Program Your Synth Like a Pro: Filters
Now that you’ve developed a unique sound from your sound source, you’re ready to make it even more unique through the use of modifiers. Depending on your synth equipment, there’s a good chance that you can utilize multiple modifiers to create a very specific sound that will help you accomplish the goal that you’re working toward. For many synth sounds, the first modifier that is utilized is a filter.
The proper use of a filter is where the amateurs get separated from the pros. Here’s why.
Maximize the Usage of Your Synth’s Filter
Many people who start experimenting with a synth look at the filter as a basic means of manipulating the sound, but it is much more than that. Just as the waveform adjustments at the sound source can add harmonics to the audio path you’ve generated, a filter’s job is to take away specific harmonics from the sound. You might have heard of the term “subtractive synthesis.” This is why that term was created!
Most synths have at least one filter that you can adjust to change which harmonics you want to have removed from the sound. This is where you will be able to change your sound through:
- adjusting the filter resonance,
- changing the slope of the harmonics itself,
- adjusting the cutoff frequency of the harmonics, and
- choosing which harmonics you want to filter out.
These four basic components are on most synths. You may have other filter adjustments you can make, but these are the four you’ll need to master to program your synth like a pro.
No Matter What, You’ve Got a Low Pass Filter
Most synths will allow you to choose which filter you want to implement, but not every synth does. If you just have one filter on your synth, then you’ve got a Low Pass filter. This filter helps to eliminate some of the higher frequency harmonics that have originated from the source sound. What you’re doing is creating a frequency slope in regards to the sounds that remain audible as the path goes through the filter. Low pass filters allow lower frequencies to pass through the filter to the next stop on the path you’re creating. On the other hand, a High Pass filter would do the opposite, allowing higher frequencies through while blocking lower frequencies.
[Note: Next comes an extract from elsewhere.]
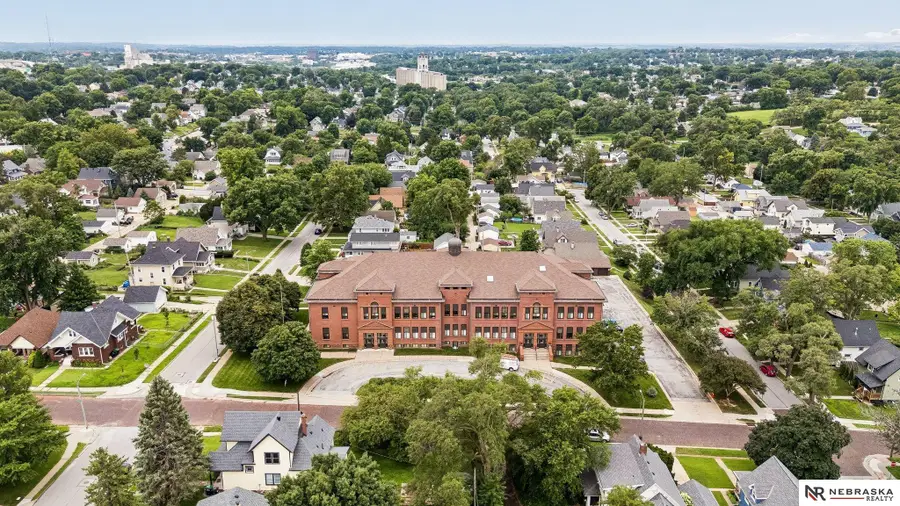 3401 Martha Street #11E, Omaha, NE 68105 - #2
Can You Manipulate the Subtractive Synthesis Even More?
Maybe you’ve got a cutoff frequency that you can implement with your filter. If so, then you can adjust where the cutoff of the frequencies that can pass through the filter are located. You’re essentially using this control to allow more frequencies or to block more frequencies that the filter allows to pass through onto the next stage of the audio path you’re creating.
You can also adjust the slope, which is sometimes called the roll-off, of sounds that occur after you’ve finalized the cutoff frequency filter. This filter adjustment controls the attenuation, or the steepness of the sound slope, allowing more frequencies to proceed through the filter.
The resonance of the sound can also be controlled through the filter on some synths. This control lets you boost the specific frequencies at the cutoff frequency that you’ve implemented. If you’re a singer, it would be like increasing the sounds of the lead vocalist while the backup vocalists continue to sing at the same volume. It puts a “spike,” if you will, in the sound slope you’ve created, right at that cutoff frequency.
Filters Make an Audio Path Truly Unique
There are literally millions of variations in sound frequencies that a filter can create for you, even with just a basic synth. Mastering these variations will not only help you program your synth like a pro, but also help you create those perfect sounds that you want for your composition or other need. Start building your own unique audio path today.